▶ [Problem details]
Repeat exactly the lines of the records below, starting at the line containing "Two women using" and ending at the line containing "a view of an". Leave the pictures out.

▶ [Data for review]
********
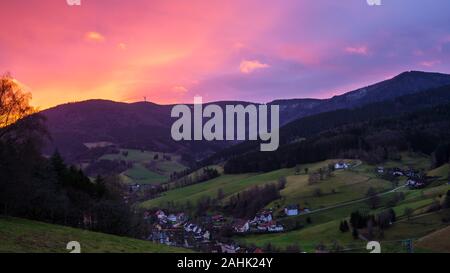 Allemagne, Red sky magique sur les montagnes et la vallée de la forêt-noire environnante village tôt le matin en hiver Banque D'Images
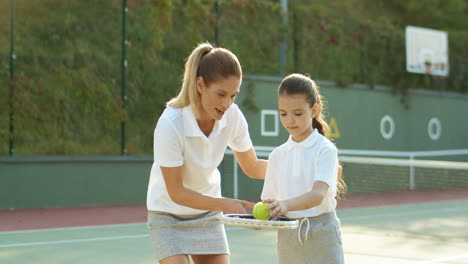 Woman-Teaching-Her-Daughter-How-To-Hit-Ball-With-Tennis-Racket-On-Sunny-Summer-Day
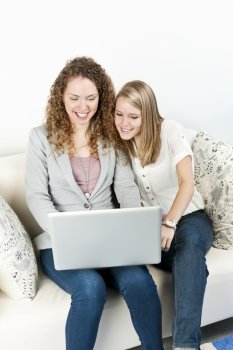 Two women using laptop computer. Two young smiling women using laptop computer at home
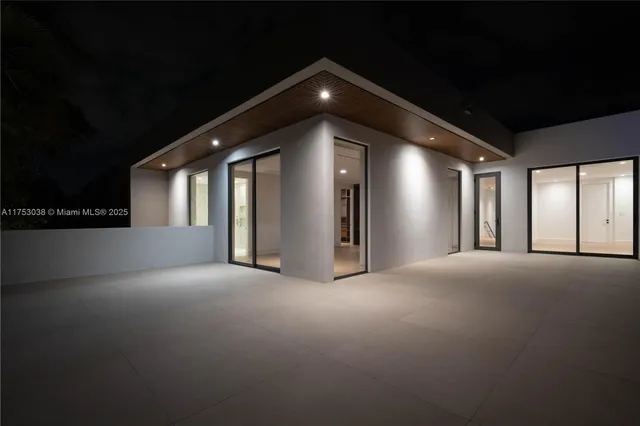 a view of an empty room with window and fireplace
********
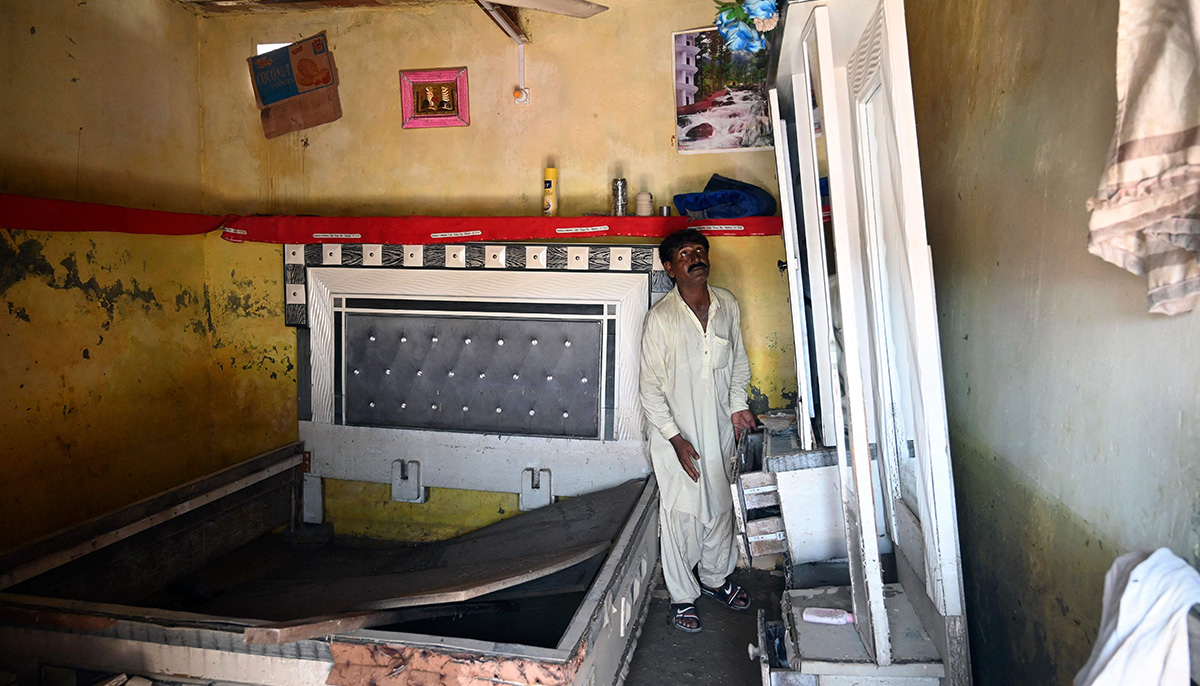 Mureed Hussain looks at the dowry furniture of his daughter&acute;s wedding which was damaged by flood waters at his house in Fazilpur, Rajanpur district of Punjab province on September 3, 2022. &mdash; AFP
********
▶ [Solution for this task]
 Two women using laptop computer. Two young smiling women using laptop computer at home
 a view of an empty room with window and fireplace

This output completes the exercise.